On Wednesday, the Federal Reserve raised interest rates again, and chairman Jerome Powell sounded a cautionary note. This time by 74 basis points. He said it will take time for inflation to fall below the two percent target. He also warned that the next hike will likely be much higher than the previous ones. But the question remains: When will the Fed stop raising rates?
Some economists and policymakers argue that the Fed should be more deliberate with its rate increases. It should also consider the cumulative impact of rate hikes. It’s important to note that a single rate increase can have an incredibly negative impact on the economy and inflation. This means the Fed might think it is not necessary to raise rates every six weeks or even every quarter.

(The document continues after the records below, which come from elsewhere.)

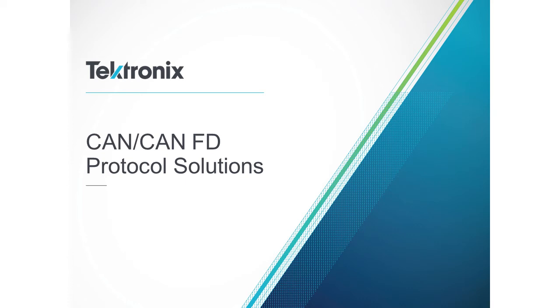Hello everyone. Today we're going to talk about serial data communications in vehicles, especially CAN and CAN-FD buses.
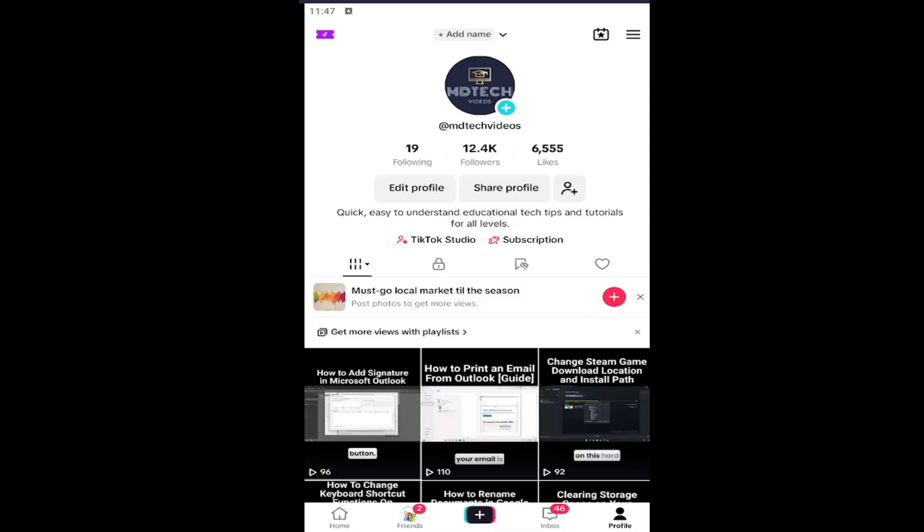All you have to do is open up your TikTok profile by selecting the profile button at the bottom right, and then go up and select the hamburger icon at the top right.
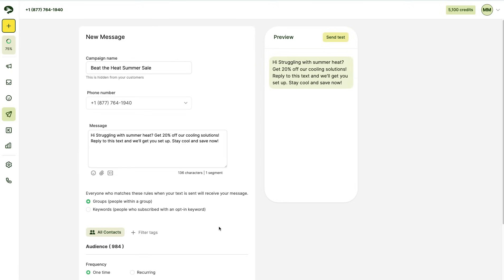The next thing to do is to select your audience. This is who you're going to send this text to. In this case, we're going to send it to everyone that's part of our VIP offers.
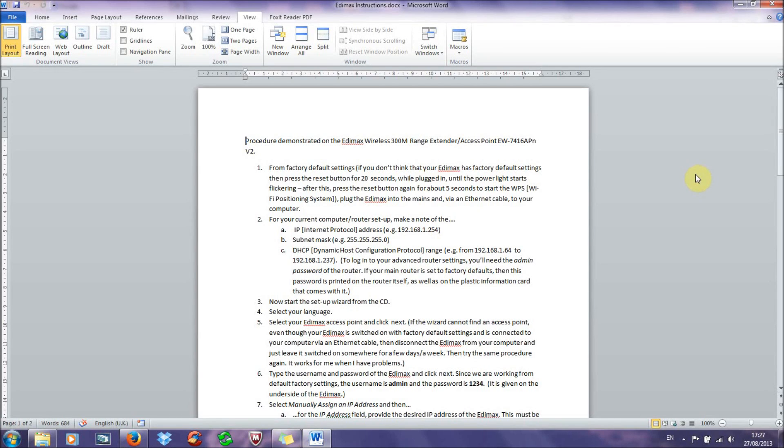Hello everybody, today I'd like to show you how to set up the Edimax wireless repeater. In this video I've written up a few instructions that you need to follow to set up the repeater in the most efficient way, and I've put them in the description below. I've also got them written here on the video so you can read them and so that I can discuss them as we go along.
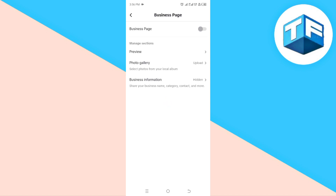Looking at the top corner, you're going to see Business Page. All you need to do is tap it in order to turn it on. Once you tap it, just like this, you've been able to turn your business page on. That is how to turn on your TikTok business page.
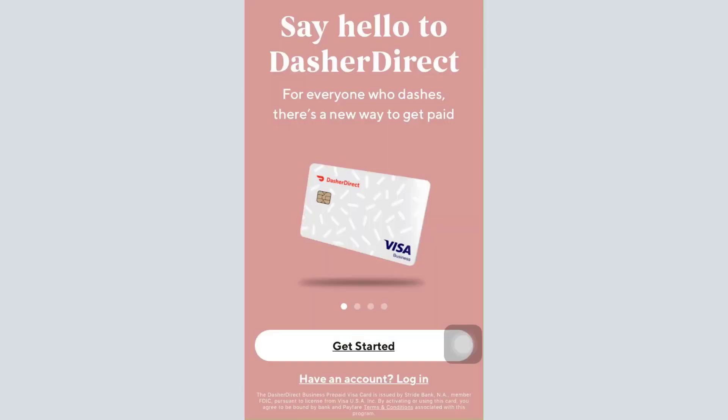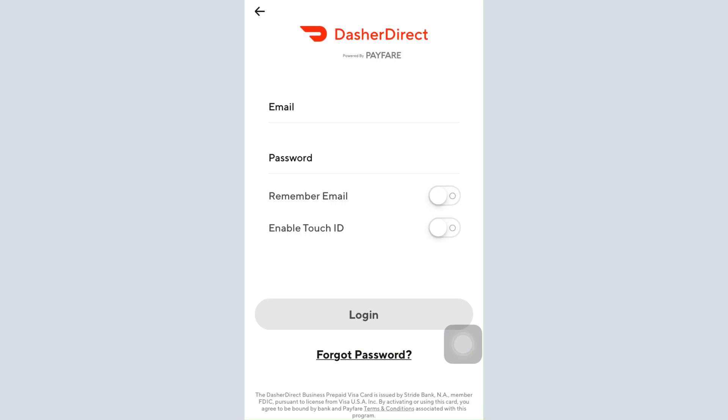After tapping on the login button, you will now be directed towards the login interface where you'll have to enter your email and your password to log into your account. But since you've forgotten the password, tap on the forgot password option at the very end of the page.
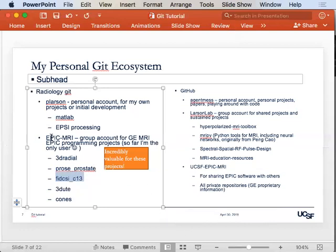I created a group for all our EPIC projects together under one group, so all the EPIC resources could be together there.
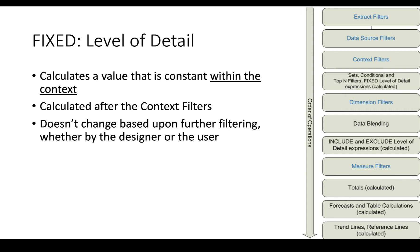Now that might be interesting if we want to calculate something like a percentage of a state versus the whole country or a percentage of some group of states or some fixed percentage of the country's sales.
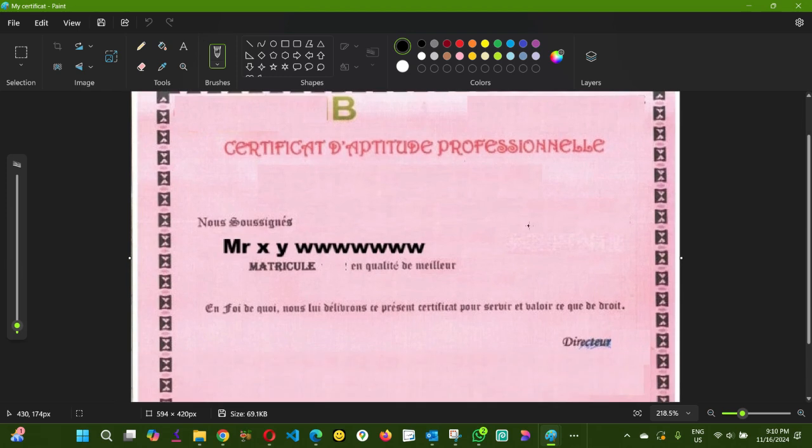I'm going to change this name here, Mr X Y W W W, and I'm gonna put my name.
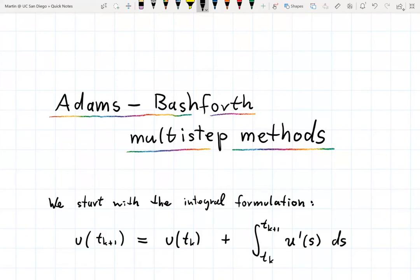In this video we discuss Adams-Bashforth methods, which are a particular class of multi-step methods. Adams-Bashforth methods are named after two British mathematicians, both of which were active in the 19th century.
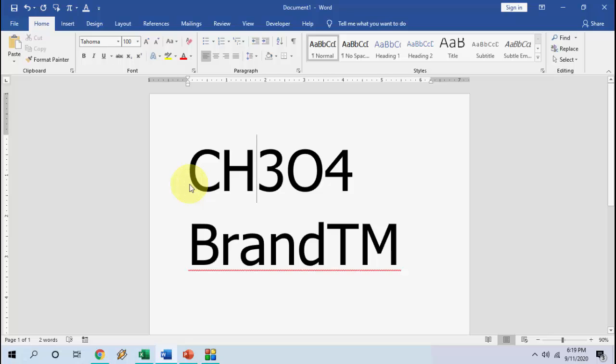Hello guys, welcome back again. I am MJ. In this video, I will show you how to make superscript or subscript in Microsoft Word, Excel, or PowerPoint by using easy simple shortcut keys.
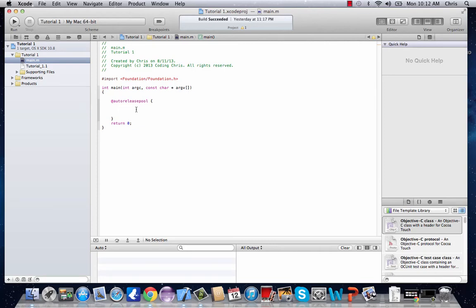Hey guys, welcome to your third Objective-C tutorial. In this tutorial I'm going to go over a little bit about integer variables and some mathematic operations you can use.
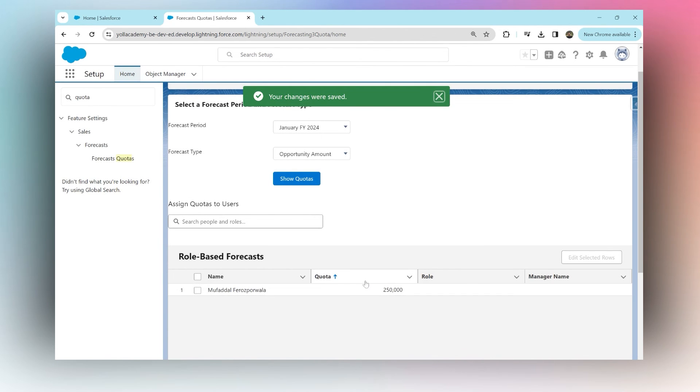There we go. So this is the quota and this has been assigned to Mufadil, this user. That's how sales quotas are assigned in Salesforce.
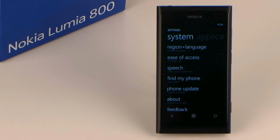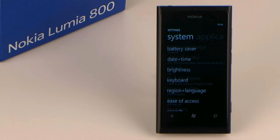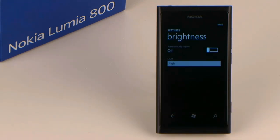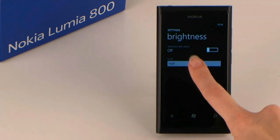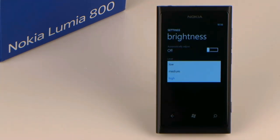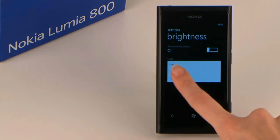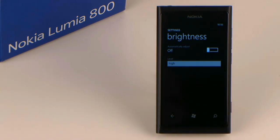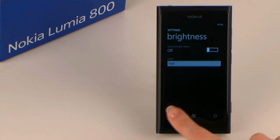Tip 3: Change brightness. In brightness, you can manually adapt the brightness of your display background lighting, or you can let it automatically adapt to the light around you.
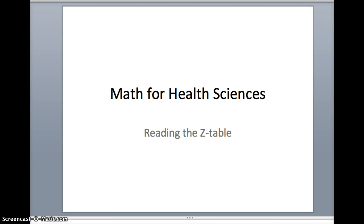This is Bob Capetta, Professor of Mathematics at the College of DuPage in Glen Ellyn, Illinois. This is a lesson for Mathematics for Health Sciences, and here we're going to look at reading the z-table.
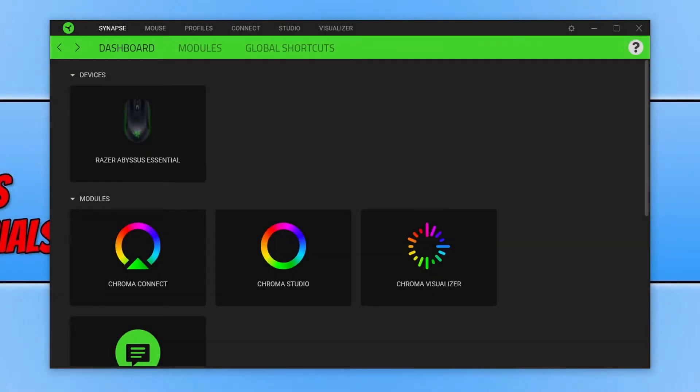In this video I will be showing you how to resolve issues with Razer Snaps crashing or freezing on your Windows computer.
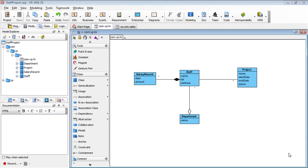Visual Paradigm for UML is a professional UML modeling tool. What do I mean by professional? Professional means the tool doesn't just provide diagramming features.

However, early signs indicate that the economy will slow down by early next year. Consumer spending is still outpacing expectations, supply chain snarls are easing and wage growth has plateaued, lowering inflationary pressures. Meanwhile, the job market continues to remain strong, making it more difficult for the Fed to cool the economy and curb inflation. Historically, the only way economies have been able to cool inflation is by fueling high unemployment.
While the S&P 500 initially rallied on the prospect of smaller hikes in December and January, stocks fell after news of the latest hike. In fact, the Dow Jones Industrial Average lost more than 500 points, and the S&P 500 lost 2.5%. Many investors hope that the Fed will pivot its messaging and order a slower pace of rate hikes, especially at the start of the year. There was nothing from the messaging of Chairman Powell to make people think the rate hikes will be stopping or even slowing down.